Uno pasea por Oviedo prestando atención a gente desconocida que cualquier otro día pasaría desapercibida, pero que siendo el último antes de marchar a otro continente, aparenta ofrecer un interés formidable e inusitado.  Sin poder evitarlo la imaginación comienza a divagar sobre lo que ellos harán durante nuestra ausencia y en cierto modo, parecen actividades mucho más placenteras que las que esperan en tierras lejanas. Lugares desconocidos para nosotros, con la incertidumbre añadida derivada de una forma de viajar que se podría equiparar al malogrado cine Dogma, lleno de restricciones ridículas. Regla numero uno: Si las autoridades no lo impiden, solo se reservará con antelación la primera noche de hotel en el país de destino.
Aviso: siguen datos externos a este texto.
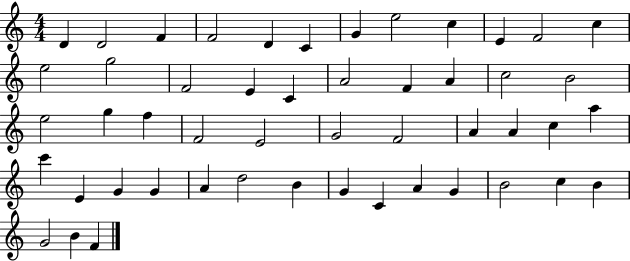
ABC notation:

Regla número dos: Durante el viaje habrá que caminar varios días por encima de 3.000 m de altitud, siendo aconsejable sobrepasar los 5.000 m en algún momento. Regla número tres: Queda totalmente prohibido llevar consigo una buena cámara de fotos, siendo recomendable tomarlas con el teléfono móvil. Regla número cuatro: Si no le entienden a uno en inglés, se siente. Axioma madre: Yo nunca participaré en la planificación del viaje, por vagancia e insolidaridad, dejándolo todo en manos de Noe.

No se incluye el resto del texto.